Directions for this task: Omitting all pictures, copy word for word the lines from the line containing "Kurtka skórzana REBELHORN" through the final line of the entries.

Data supplied:
______________________________

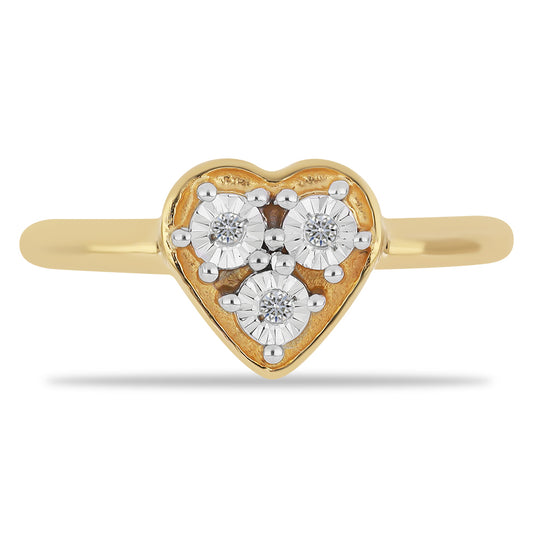 Goldplattierter Silberring mit weißem Diamant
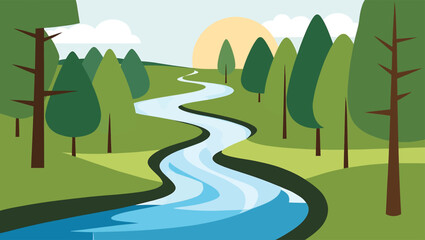 Stylized illustration of a winding river flowing through a green forest landscape with a sun and clouds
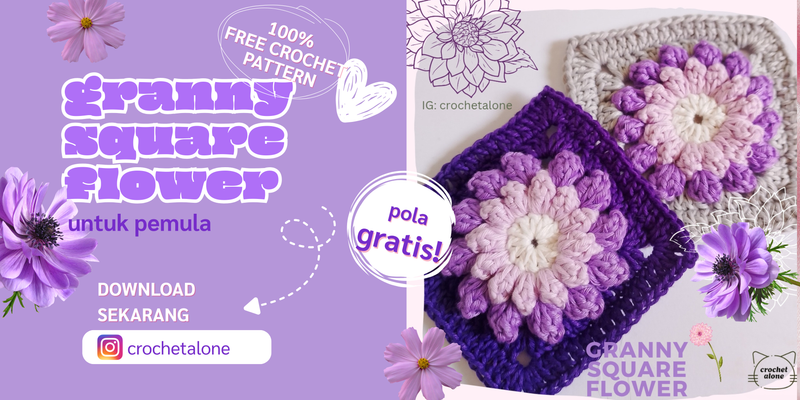 Highlight image for Pola Rajut Gratis Granny Square Flower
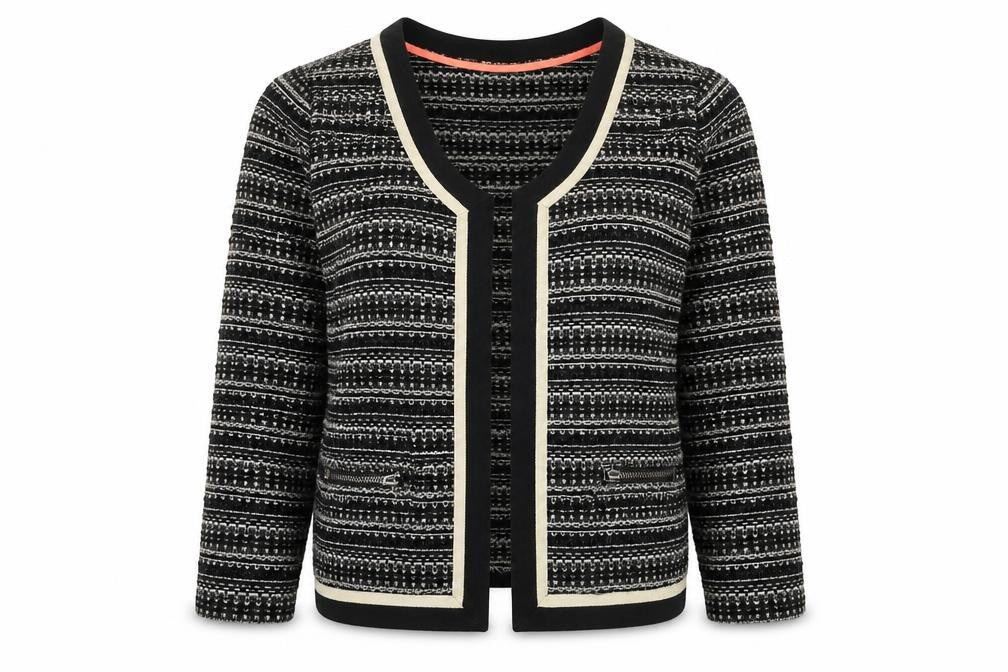 NEXT Womens Black Scoop Neck Striped Polyester Cardigan Jumper Size 8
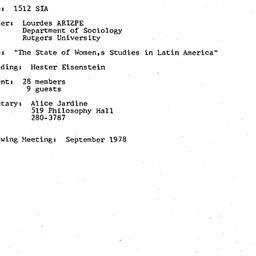 Minutes, 1978-05-15. Women ...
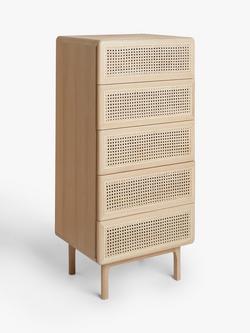 John Lewis Rattan 5 Drawer Tallboy Chest, Oak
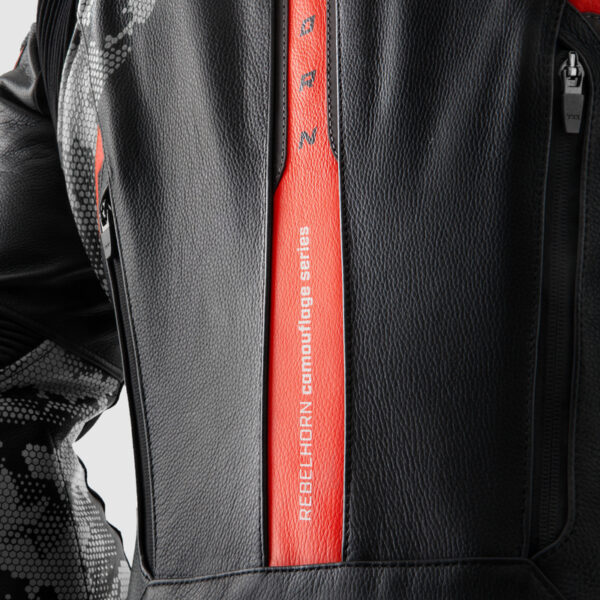 Kurtka skórzana REBELHORN VELOCE CAMO BLACK/GREY/FLUO RED - obrazek 14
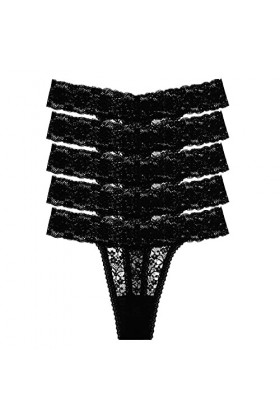 ZBORH Lot de 5 strings sexy en dentelle pour femme, noir, Large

______________________________

Response:
 Kurtka skórzana REBELHORN VELOCE CAMO BLACK/GREY/FLUO RED - obrazek 14
 ZBORH Lot de 5 strings sexy en dentelle pour femme, noir, Large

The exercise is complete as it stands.